In early 2007, straight from Blondel, Finley landed the part of Serena in Fame on a UK national tour. She had to audition for the part, then rehearse, while also learning the part of Fiona in Blondel. Ian Pearce, who reviewed the show for the BBC, said, "The first thing that strikes you is the quality of the live band and the sheer exuberance of the dancing... a strong performance comes from Abi Finley as the somewhat dowdy Serena."

On Christmas Eve 2007, Finley was seen performing with Lee Mead and Connie Fisher and some of the other How Do You Solve A Problem Like Maria? and Any Dream Will Do finalists in a BBC special "festive" reunion show called When Joseph met Maria!, celebrating both the hit Andrew Lloyd Webber BBC shows, recorded earlier on 2 December 2007. How Do You Solve A Problem Like Maria? won an international Emmy Award in 2007 for best non-scripted entertainment.

From 6 May 2008, Finley starred as Miranda, the disembodied German head in Betwixt!
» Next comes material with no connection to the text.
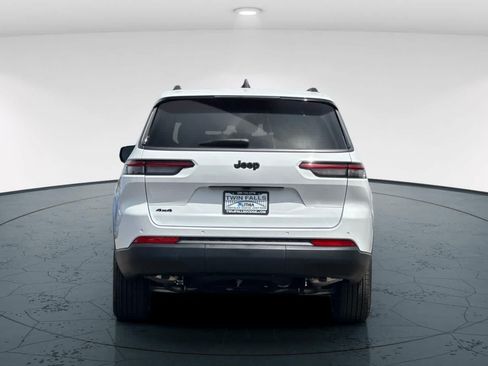 New 2026 Jeep Grand Cherokee L 4WD image 7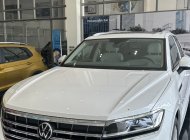 Volkswagen Touareg Touareg Trắng SUV 7 chỗ Coupe cực đẹp 2023 form mới 2022 - Cần bán xe Volkswagen Touareg Touareg Trắng SUV 7 chỗ Coupe cực đẹp 2023 form mới đời 2022, màu trắng, xe nhập giá 3 tỷ 499 tr tại Tp.HCM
The Musical. The show opened on 6 May 2008, and ran until 22 June at The King's Head Theatre, Islington.

Finley starred as Jane in Gareth Peter's Bluebird the Musical, a musical set in the Second World War, alongside I'd Do Anything finalist Sarah Lark and Ramin Karimloo. During December 2011 and January 2012, Finley will be appearing in the German production of the tribal-rock musical Hair, in which she plays ensemble and covers the lead role of Sheila.

==Roles==
- 2008: Miranda in Betwixt! The musical, The King's Head Theatre, Islington
- 2006: Fiona in Blondel at the Pleasance Theatre, Islington.
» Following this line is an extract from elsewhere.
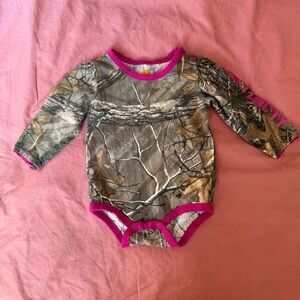 Carhartt Realtree Ruffle Pink Logo Long Sleeve Onesie 12M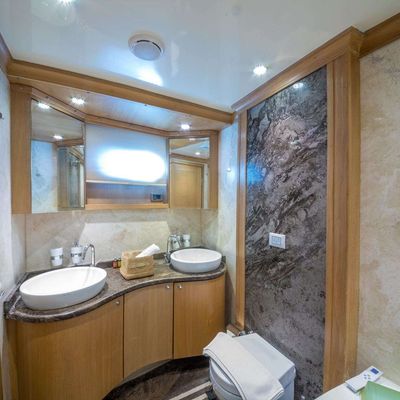 Blue Heaven Yacht 15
- Rice was personally involved in casting Finley following her appearance on How Do You Solve A Problem Like Maria?
- Previous roles include Annie in Oklahoma!, Rizzo in Grease, Blousey in Bugsy Malone, Edith in Pirates of Penzance, Calamity Jane in Calamity Jane, and the Narrator in Joseph.

==Education==
She attended King David Yavneh school in Manchester, then earned a BA (honours) degree in English and Drama at the University of Leeds before going on to complete a master's degree in musical theatre at the Central School of Speech and Drama.

==Personal==
The singer and actress, originally from Prestwich, now resides in Finchley, London.
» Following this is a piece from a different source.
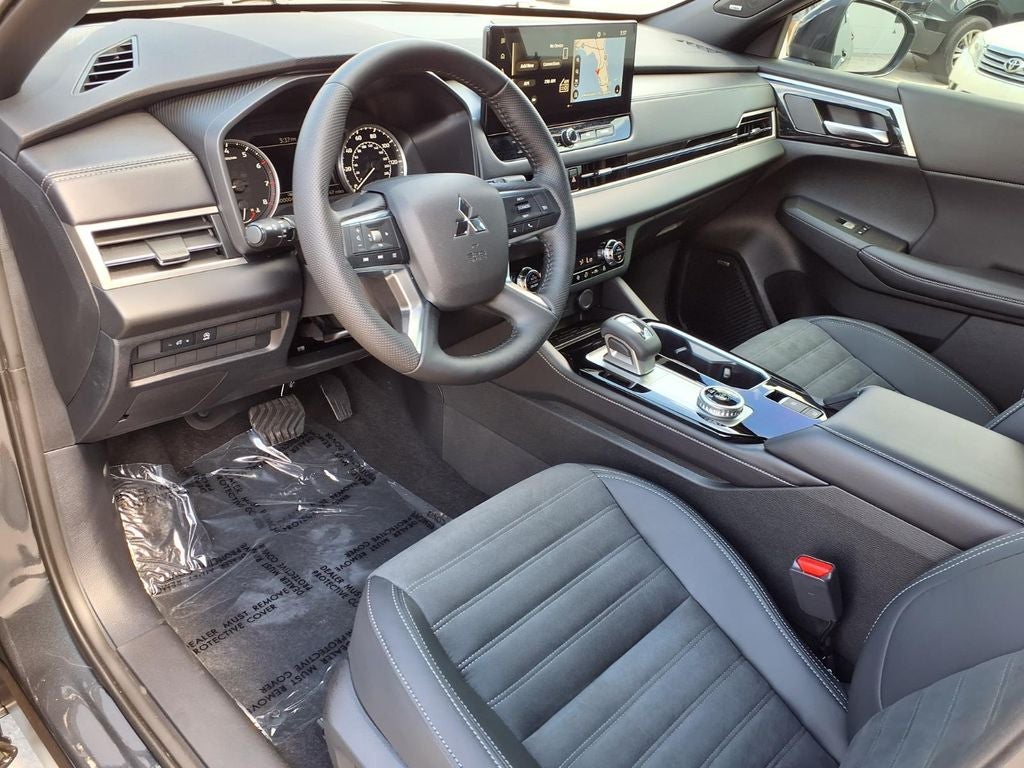 2026 Mitsubishi Outlander LE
Her talent shone from a very early age when she starred in virtually every production that her high school in Manchester, King David Yavneh, put on. From there she went on to study for a degree in English and Drama at the University of Leeds, and her course led to her landing the title role in Calamity Jane and Annie in Oklahoma!. She then studied for a master's degree at the Central School of Speech and Drama in London, where she appeared in productions including A Winter's Tale (as Paulina) and Grease (as Rizzo). This is where she met her best friend, Aoife Mulholland, who was also studying on the same course, and together they decided to audition for How Do You Solve A Problem Like Maria?. In her Hello! Magazine interview, Finley said, "Aoife and I thought we would make a big weekend of it [the BBC audition]... we were like a couple of new kids holding hands in the big school playground."

On her time in How Do You Solve A Problem Like Maria? Finley has said, "It was like a holiday camp and school trip rolled into one. We would sit around the lounge in the evenings watching reality TV and saying how much we hated it. We forgot we were doing it!" And on getting the leading role breaks after How Do You Solve A Problem Like Maria?, "I know it is a cliché, but honestly and truly I am living the dream, doing something I always wanted to do. I have to pinch myself sometimes. I am so lucky to be doing what I love doing on a daily basis – you can't ask for any more."